RPub link : https://rpubs.com/cliftonleesps/r_week3_final

# 5. BONUS – place the original .csv in a github file and have R read from the link. This will be a very useful skill as you progress in your data science education and career.

data_frame = read.table(file="https://raw.githubusercontent.com/cliftonleesps/dataset/main/scorecard.csv", header=TRUE,sep=",")

# Remove a few unecessary columns
data_frame <- subset(data_frame, select = c(inst_name, state_abbr, pred_degree_awarded_ipeds, earnings_med, count_not_working, count_working))

# 2. Data wrangling: Please perform some basic transformations. They will need to make sense but could include column renaming, creating a subset of the data, replacing values, or creating new columns with derived data (for example – if it makes sense you could sum two columns together)
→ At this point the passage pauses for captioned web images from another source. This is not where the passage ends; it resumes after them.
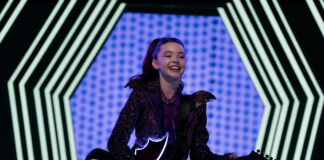 Élőszereplős formában tér vissza a tini vámpír sorozat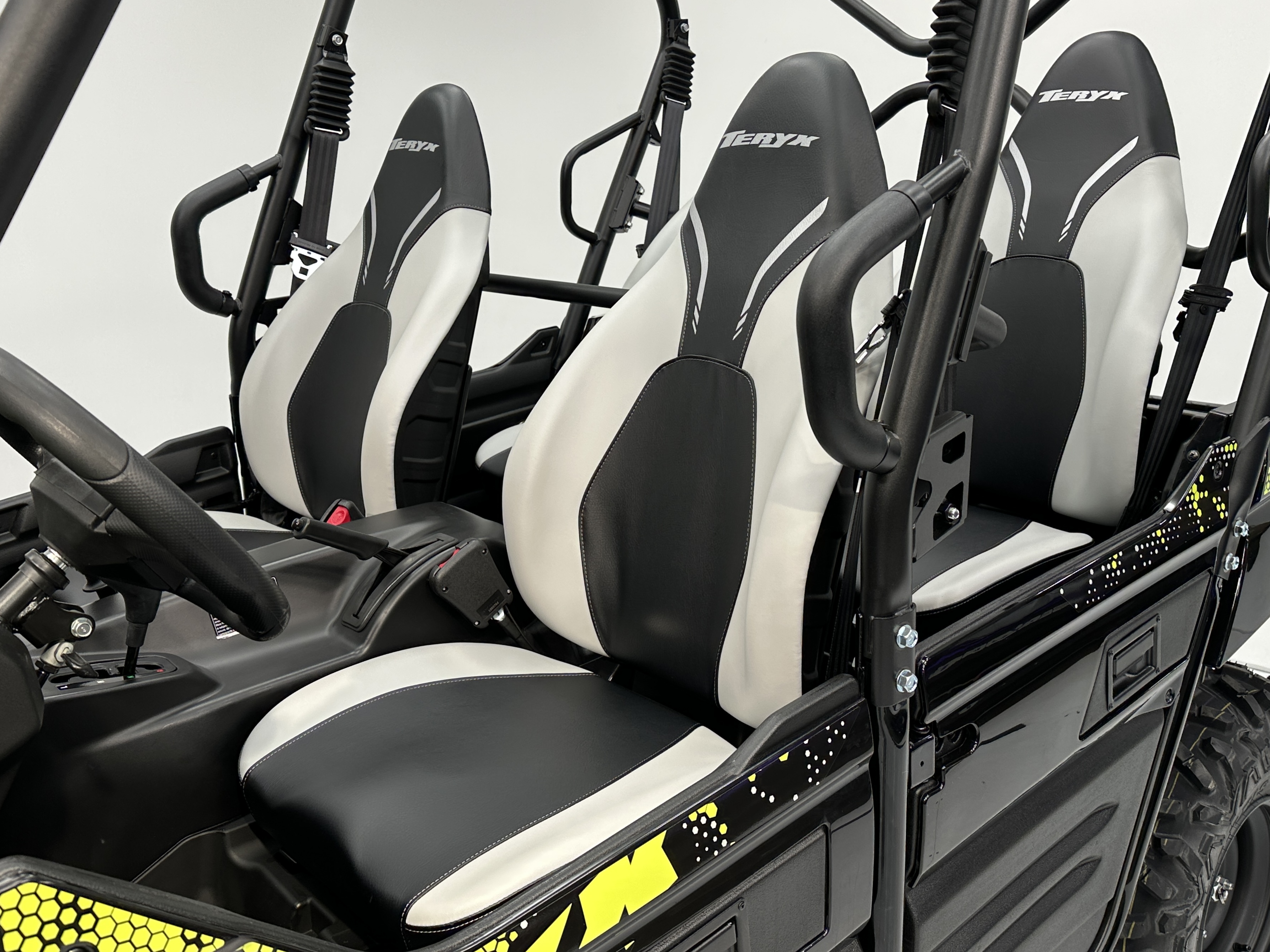 2025 Kawasaki Teryx4 - Photo 12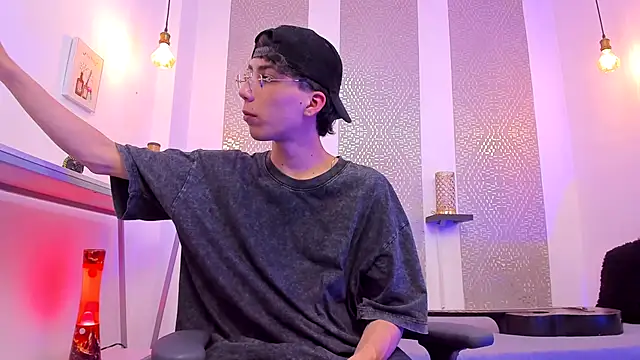 Nikolay_Gregori live sex cam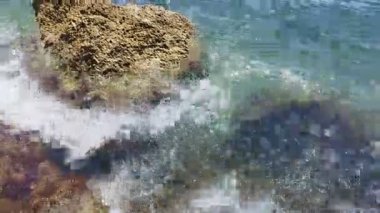 Yazın güneşli bir günde deniz. Huzur ve rahatlama. Dalganın sörfü. Görüntüler Çölde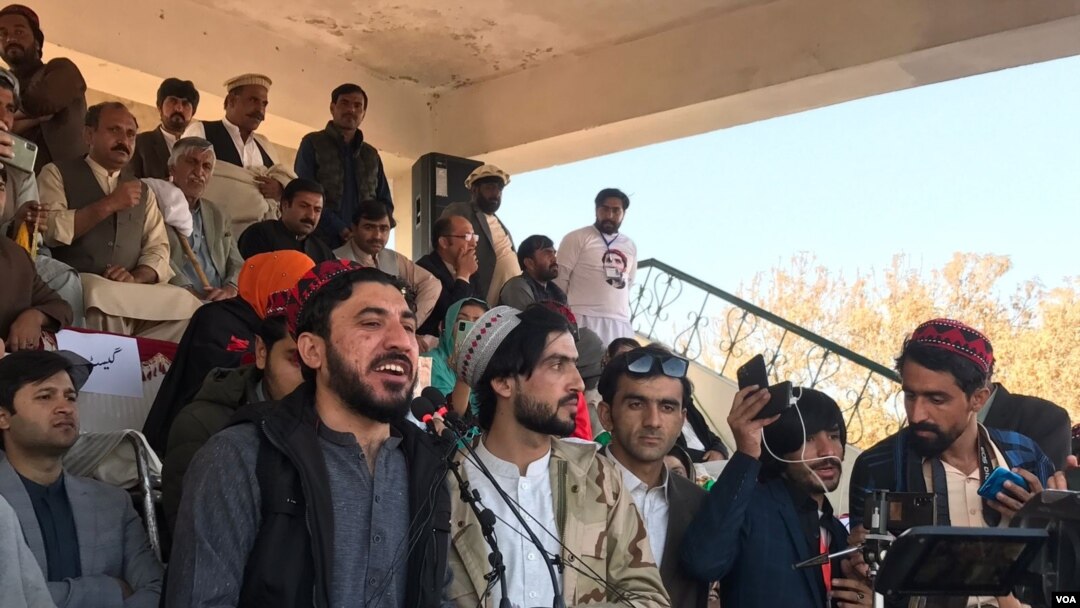 منظور پشتین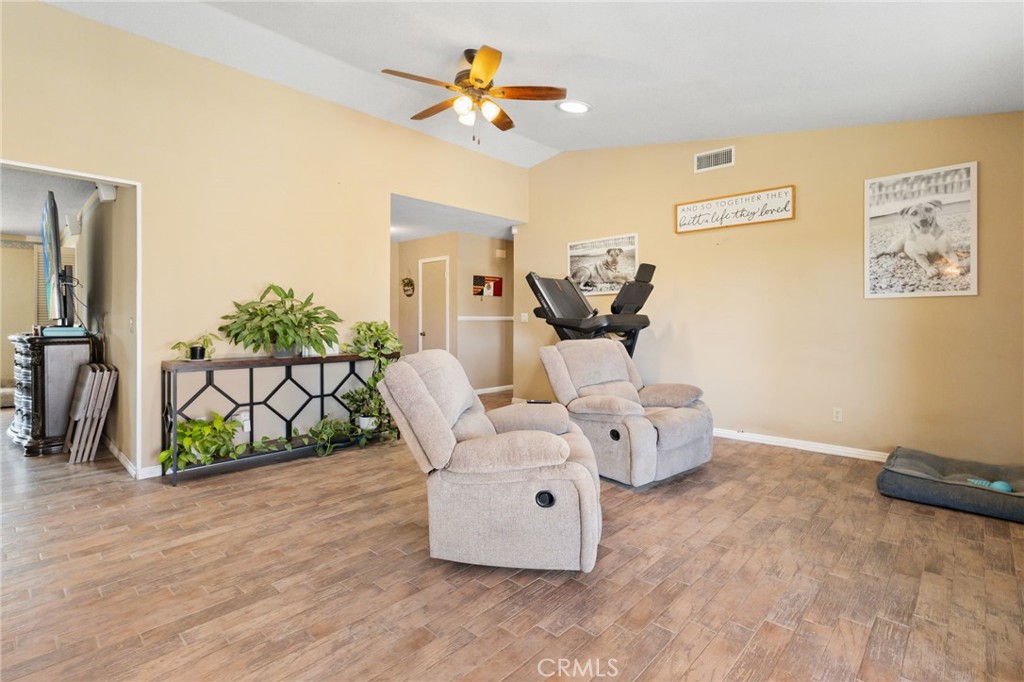 15158 Willow Property Photo 18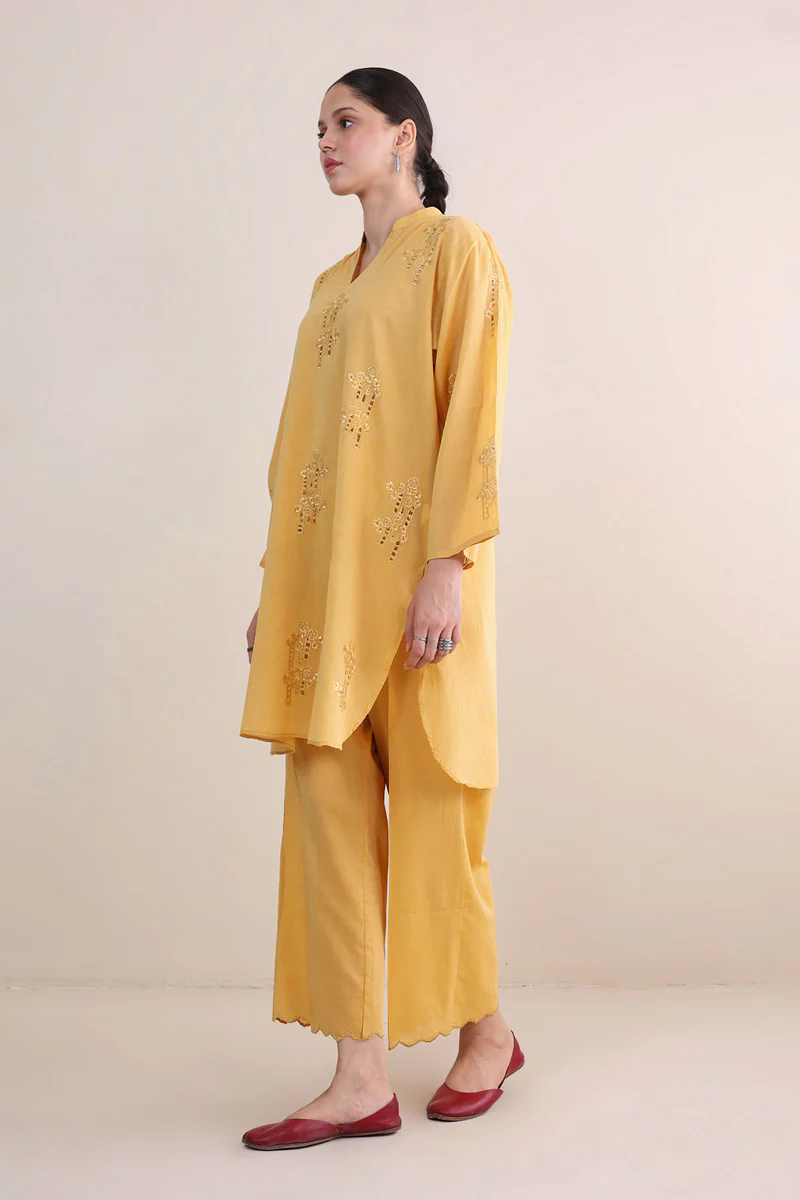 Nailing a Corner Cutwork Suit - Image 8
# create two subsets for two and four year colleges in the mid Atlantic states
mid_atlantic_2 <- subset(data_frame,  str_detect(state_abbr, "(NY|NJ|DE|MD|DC|VA|WV)") & pred_degree_awarded_ipeds == 2 )

mid_atlantic_4 <- subset(data_frame,  str_detect(state_abbr, "(NY|NJ|DE|MD|DC|VA|WV)") & pred_degree_awarded_ipeds == 3 )
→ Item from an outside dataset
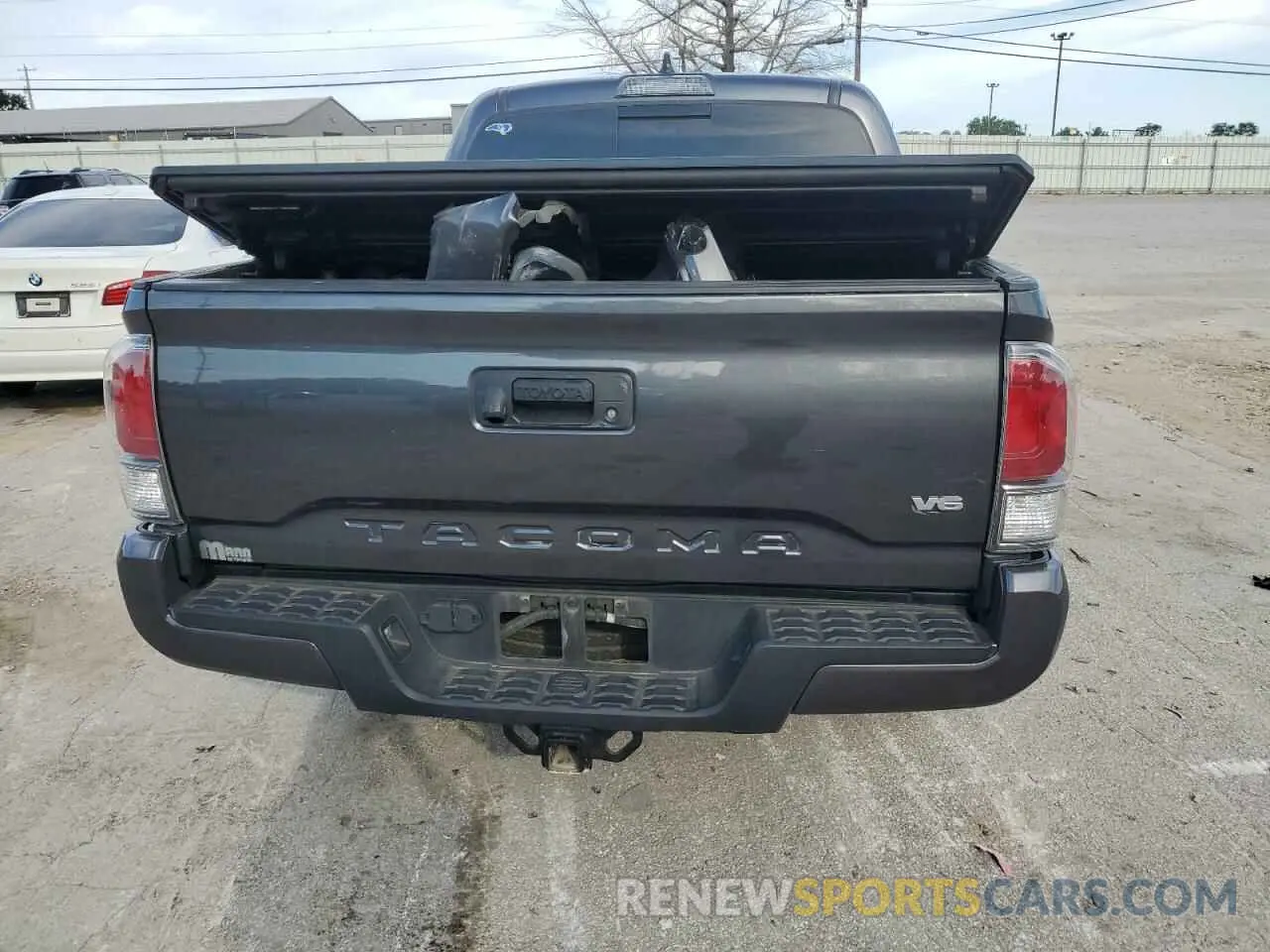 6 Photograph of a damaged car 3TMCZ5AN8MM397275 TOYOTA TACOMA 2021
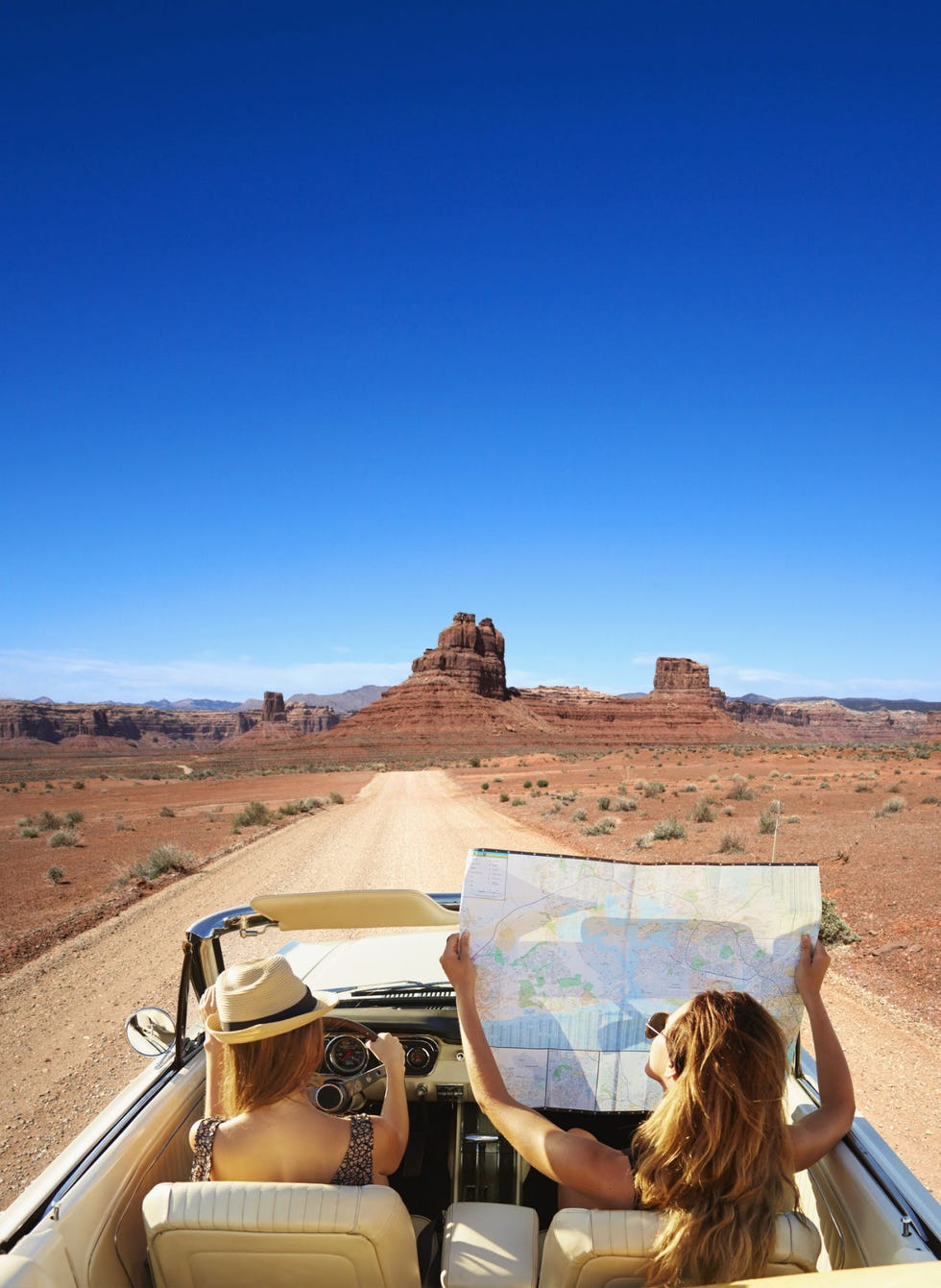 Natural environment, Desert, Sky, Road trip, Mode of transport, Landscape, Travel, Vacation, Safari, Aeolian landform,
# remove the ped_degree_adwarded_ipeds
mid_atlantic_2 <- subset(mid_atlantic_2, select = c(inst_name, state_abbr, earnings_med, count_not_working, count_working))

mid_atlantic_4 <- subset(mid_atlantic_4, select = c(inst_name, state_abbr, earnings_med, count_not_working, count_working))


# add a new column for percent working from count_working and count_not_working
mid_atlantic_2$percent_working <- round(mid_atlantic_2$count_working / (mid_atlantic_2$count_not_working + mid_atlantic_2$count_working) * 100)

mid_atlantic_4$percent_working <- round(mid_atlantic_4$count_working / (mid_atlantic_4$count_not_working + mid_atlantic_4$count_working) * 100)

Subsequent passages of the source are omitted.